## Work request
Please give back, word for word, only the lines starting at the one containing "all american dad" and ending at the one containing "萍乡二级水利工程造价工程师报考条件有什么要求(水利二级造价师报考条件)" within the material below.

## Working data
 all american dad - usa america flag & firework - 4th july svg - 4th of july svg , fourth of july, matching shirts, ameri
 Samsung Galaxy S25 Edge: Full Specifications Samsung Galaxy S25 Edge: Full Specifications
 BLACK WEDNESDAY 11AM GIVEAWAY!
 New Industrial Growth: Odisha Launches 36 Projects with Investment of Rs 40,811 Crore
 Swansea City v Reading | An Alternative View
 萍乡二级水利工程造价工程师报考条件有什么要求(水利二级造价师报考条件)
* * *
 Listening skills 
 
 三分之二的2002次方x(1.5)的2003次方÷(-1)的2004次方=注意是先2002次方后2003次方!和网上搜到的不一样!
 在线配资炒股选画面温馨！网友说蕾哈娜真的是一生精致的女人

## Your solution
 all american dad - usa america flag & firework - 4th july svg - 4th of july svg , fourth of july, matching shirts, ameri
 Samsung Galaxy S25 Edge: Full Specifications Samsung Galaxy S25 Edge: Full Specifications
 BLACK WEDNESDAY 11AM GIVEAWAY!
 New Industrial Growth: Odisha Launches 36 Projects with Investment of Rs 40,811 Crore
 Swansea City v Reading | An Alternative View
 萍乡二级水利工程造价工程师报考条件有什么要求(水利二级造价师报考条件)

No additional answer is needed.